Aucune transgression de la vie privée avec Qotmii ! On n’interroge aucune personne. Nous n’avons pas de répondants à qui nous posons des questions. Nous ne récoltons aucune information privée (nom, état civil, email…).

Pourriez-vous donner des exemples ? Est-ce que vous analysez les commentaires laissés à la suite d’articles publiés dans la presse française ? Mesurez-vous les « like » et partages sur Facebook ?   

Oui, nous récoltons les commentaires qui suivent des articles ou des vidéos que notre moteur a repérés. Nous ne récupérons toutefois pas les noms ou pseudos des rédacteurs de ces commentaires. Nous ne comptons pas les « like » qui sont des dispositifs d’adhésion et de rejet trop manipulables.

Sur les réseaux sociaux, est-ce que vous parvenez à distinguer entre les comptes de personnes réelles et des comptes fantômes justement créés pour manipuler l’opinion publique ?

En fait, la vraie question est : qu’est-ce qu’un influenceur ? Si l’émetteur d’une information est fantôme mais qu’il est extrêmement influent et suivi, nous le prenons en considération.
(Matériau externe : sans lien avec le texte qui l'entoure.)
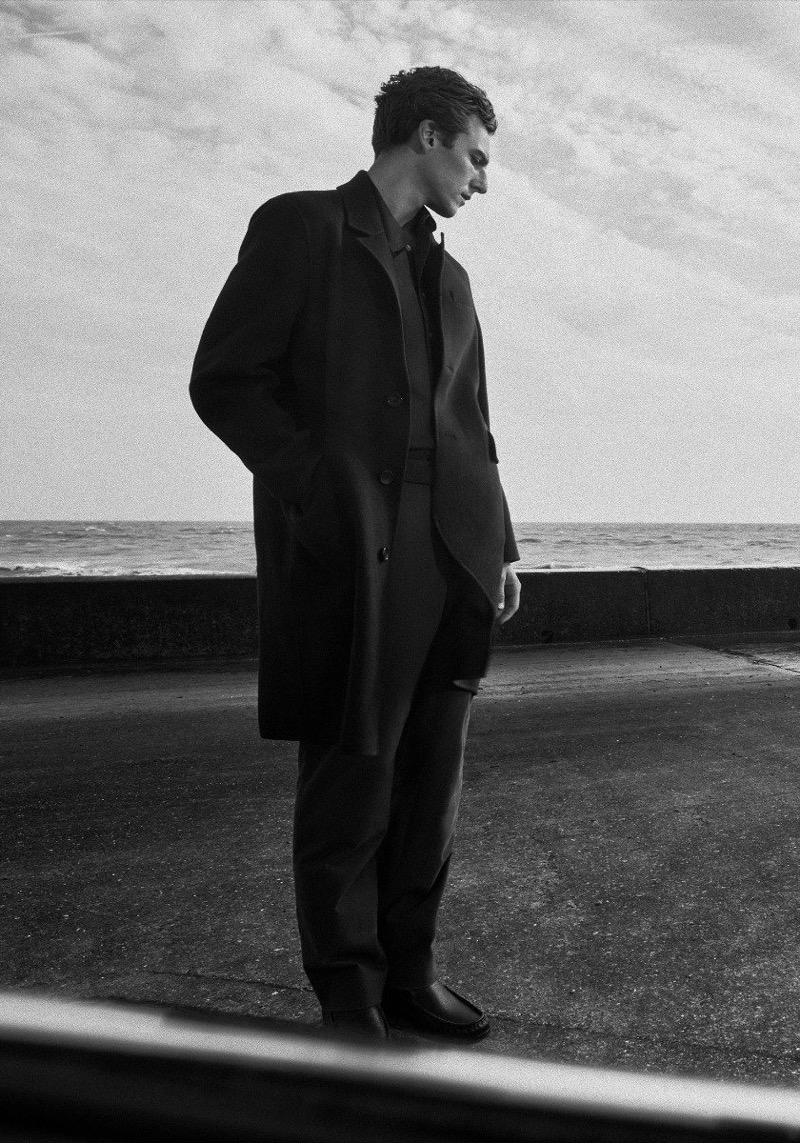 Vince fall 2025 campaign 010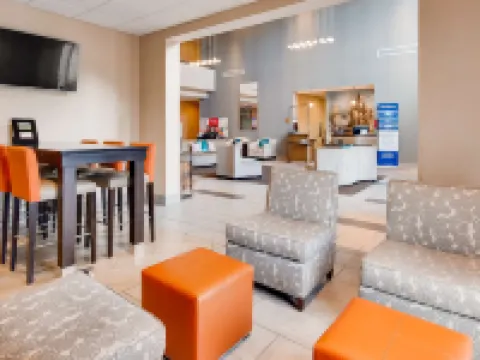 Best Western Plus Atrium Inn  Suites Hotels in Clarksville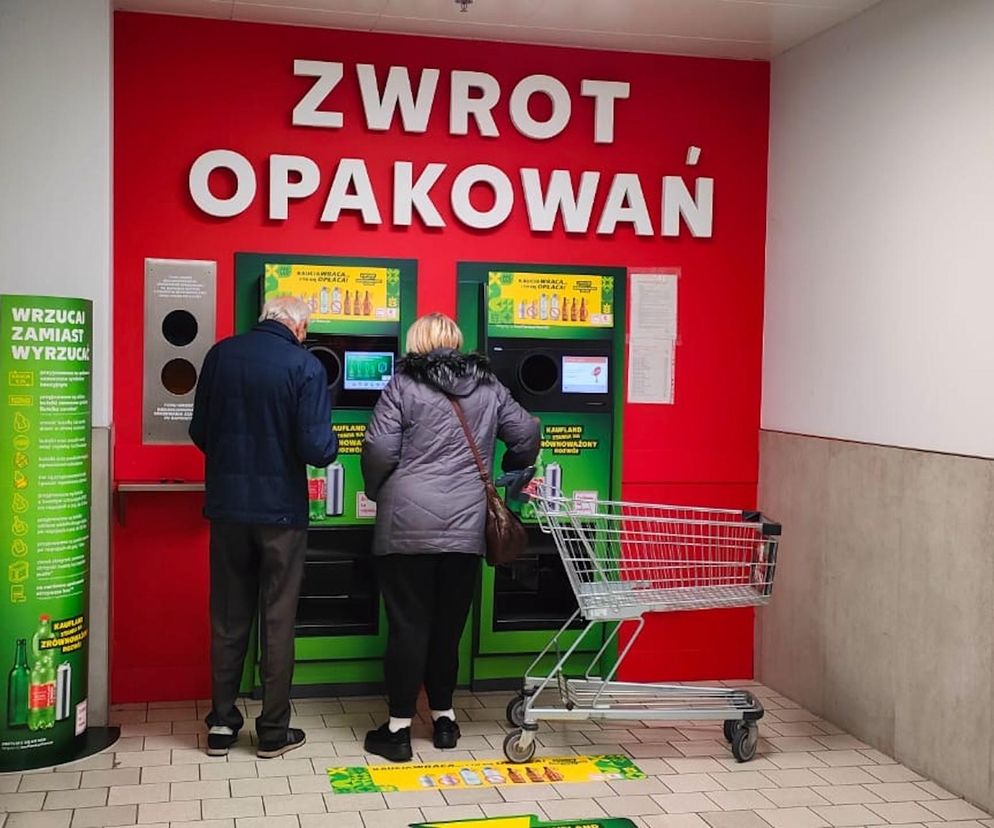 Nowy system kaucyjny. Pierwsi klienci przy automatach. Co myślą o zmianach?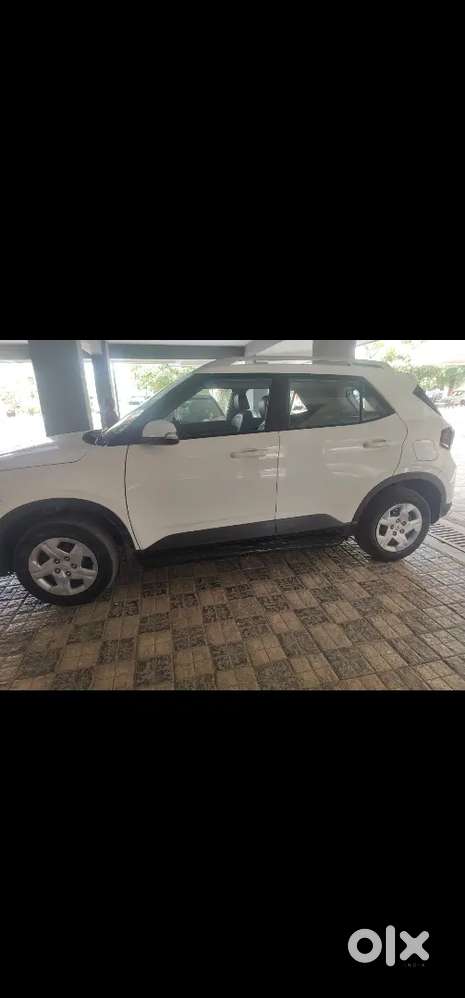 Hyundai Venue 2022 Petrol Well Maintained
Les comptes avec de un très petit nombre de fans ou followers sont en revanche écartés.

Et est-ce que vous exploitez uniquement l’information issue des comptes de personnes ayant le droit de vote ?    

Non. Toute donnée (articles, avis, commentaires, posts…) pertinente et influente, qu’elle émane d’un média ou d’un/une influenceur est prise en compte même si ce dernier est mineur – ce que nous ne savons et ne voulons pas savoir.

Est-ce que la notion de représentativité s’applique à votre méthode ?

Oui et non. Les sondeurs fonctionnent avec la notion de quotas représentant une « petite France ». Dans notre cas, nous captons des sources diverses et variées qui représentent l’ensemble du paysage des opinions politiques françaises. Nous analysons donc toutes les sources d’informations de tendances d’extrême-gauche à l’extrême-droite.

Peut-on dire que votre technologie permet de savoir ce que pensent les propriétaires de comptes sur les réseaux sociaux « malgré eux » ? On peut mentir à un sondeur, mais on ne peut pas s’empêcher dans la durée de « liker » et partager des éléments vis-à-vis des quels nous avons des sentiment positifs…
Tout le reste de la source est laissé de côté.